I provvedimenti relativi alle sperimentazioni della valutazione dei docenti e delle istituzioni scolastiche, pur avendo caratteristiche di sperimentalità e di successiva verificabilità, sono inseriti in un quadro preoccupante dello stato della scuola in Italia con un taglio complessivo delle risorse che non può giustificare finanziamenti accessori per progetti di valutazione di natura premiale e riservato solo ad un numero limitato di scuole e di docenti.
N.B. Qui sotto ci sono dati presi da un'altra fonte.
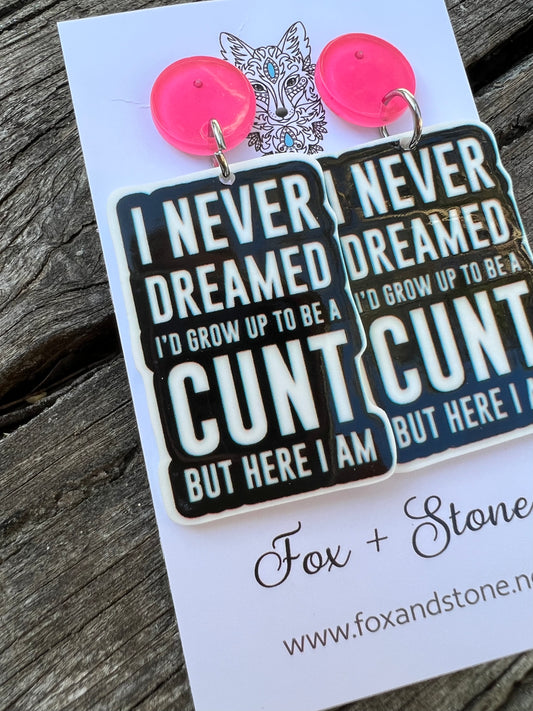 Never Dreamed Resin Earrings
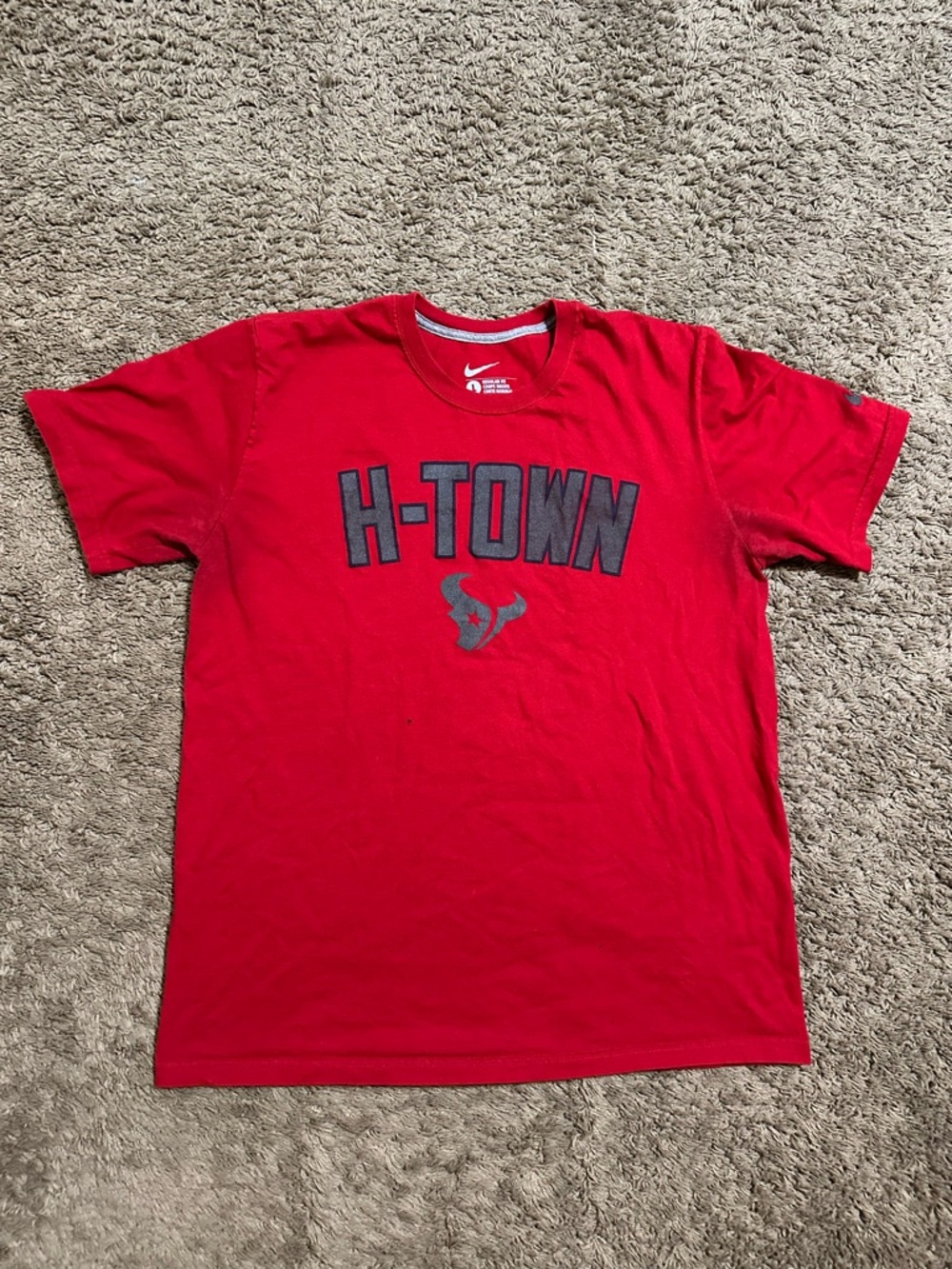 Vintage NFL Houston Texans “triple red” shirt 00s size large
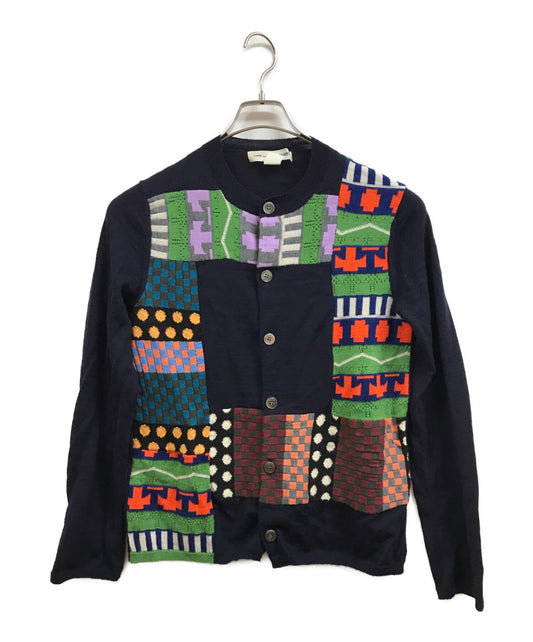 [Pre-owned] COMME des GARCONS SHIRT 17AW Contrast Pattern Cardigan W25508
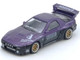 Mazda RX7 FC3S Pandem Rocket Bunny Kit Purple Metallic and Black 1/64 Diecast Model Car Inno Models IN64-RX7FCP-PB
Le note resistenze e opposizioni suscitate in molte scuole, che potevano essere coinvolte nella sperimentazione, rappresentano bene lo stato di disagio dei colleghi determinato anche dalla natura non definita dei processi e degli strumenti che verrebbero posti in essere nella valutazione.

Si contesta il fatto che l´amministrazione non intende comunicare formalmente alle OO.SS. gli strumenti che verranno proposti nella valutazione adducendo che non è tema di relazioni sindacali. Ciò appare preoccupante poiché è proprio sugli strumenti e sulle modalità di valutazione che vengono operate le vere scelte politiche. Non è un caso che il Miur esternalizzi di fatto parte dei processi di monitoraggio a fondazioni private che hanno una specifica collocazione ideologica con la giustificazione che lo stesso monitoraggio sarebbe totalmente a carico delle fondazioni partecipanti.

Si contesta l´utilizzo dello strumento dei test promossi dall´Invalsi come unico elemento di valutazione "oggettiva" proposta per la valutazione degli apprendimenti.

Si chiede pertanto un complessivo ripensamento della materia pur apprezzando l´ ammissione dell´amministrazione sul fatto che la legge Brunetta non possa essere applicata ai docenti.